Siliguri-Sewak Road, West Bengal, India, June 2018, 1320 hours
My earliest memory of the name Siliguri goes back to when I was around 6 years old. A distant grand-uncle lived in Siliguri and his stories were always fascinating. And then of course, came the Sarkars from Jalpaiguri and then started a long series of interactions with these two twin-cities (at least by way of story telling).
Even though we are just driving through Siliguri, it somehow feels familiar. And even though we are only really on the outskirts, the little glimpses I can see are enough to realise that this is a growing urban centre for the region. Tea plantations are all around. It is green everywhere. And there are better roads – and broader roads – going into the city. Small tempos and trucks are plying all around as are quaint buses, rickshaws (not auto-rickshaws) are a frequent sight. Vegetable markets and trade shops are abundant. And there is reason for that. Siliguri is the nerve centre of supply in this region. Our driver, Ajit, tells us that most of the stuff that goes up to Gangtok and Sikkim is supplied from Siliguri.

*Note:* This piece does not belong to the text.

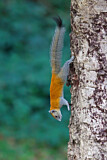 Image. Grey-bellied Squirrel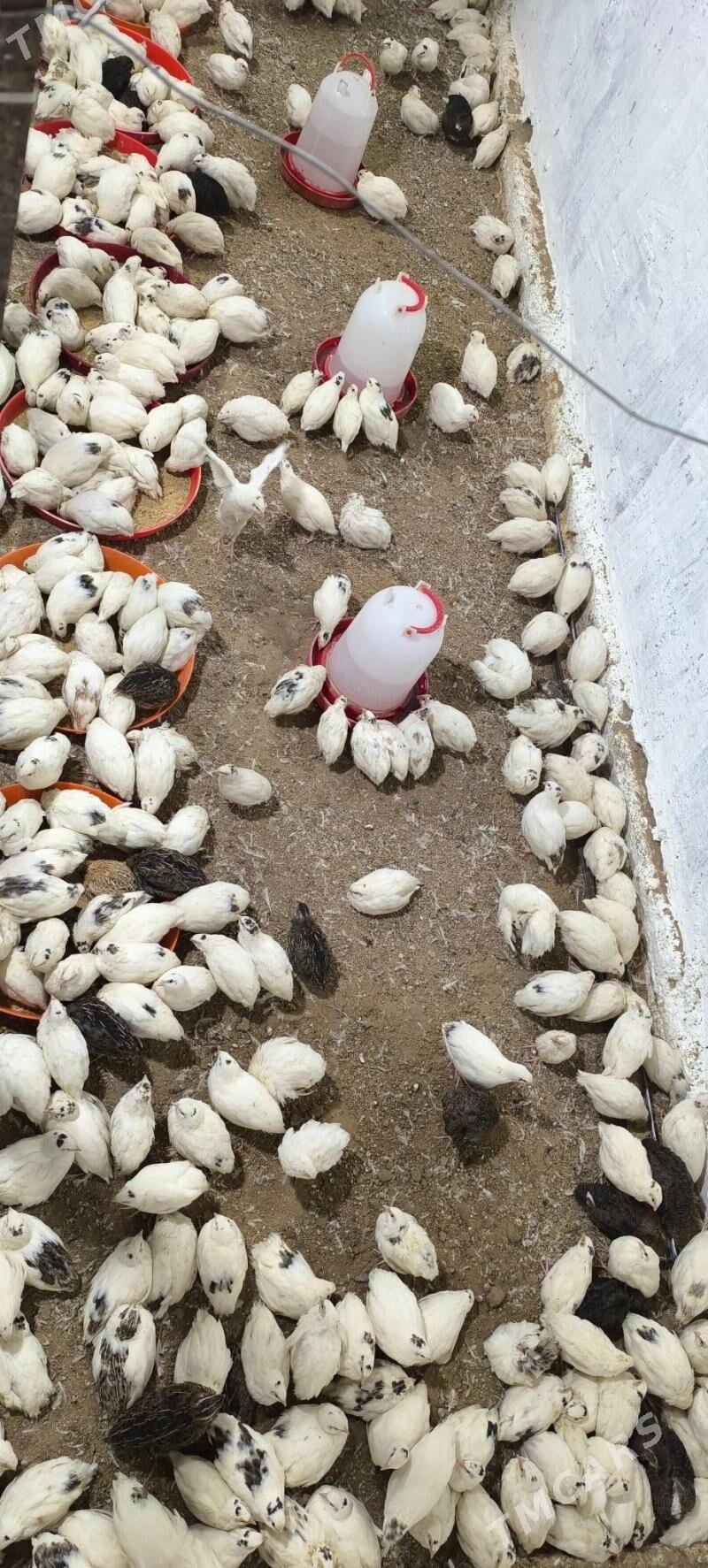 bedene Texas - Bagyr - img 3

From the tourism perspective, Siliguri is, of course, famous as the ‘Gateway to North East India’. Initially it reminded me of Kalka, since both are at the foothills of the Himalayas (Kalka was the erstwhile gateway to Shimla and Himachal Pradesh), but Kalka is a little sleepy village-town while the broader Siliguri area (including its twin-city Jalpaiguri) is a major metropolitan area in West Bengal and as a consequence of its proximity, also for North East India.

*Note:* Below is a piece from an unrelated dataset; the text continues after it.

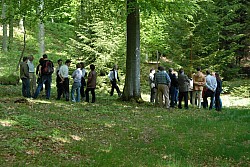 080516_095SILVA08.JPG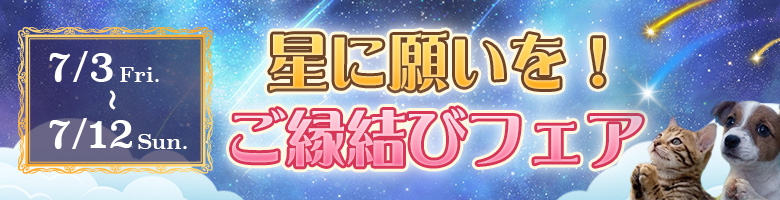 ご縁結びフェア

I must explain the term ‘metropolitan’ here. It is not a metropolis in the sense of Mumbai. Nor is it a metropolitan area like Delhi or the National Capital Region, or Bangalore or Kolkata. It is a metropolitan area for this region and it is more developed, bigger, sprawling and growing and with an influx of people and resources … as compared to its surroundings. And it is in many ways a better metropolis than all the others because manages to retain its identity and historical essence.
But all that is a different story.
Am just soaking in the names of places like Kerseong, Rangpo, Sewak (or Sevoke) … Ajit tells me that Sewak is the little town which marks the beginning of the Himalayas. Sewak is in Darjeeling district and it was also the place from where I started noticing the Teesta River, wide, calm, and intense.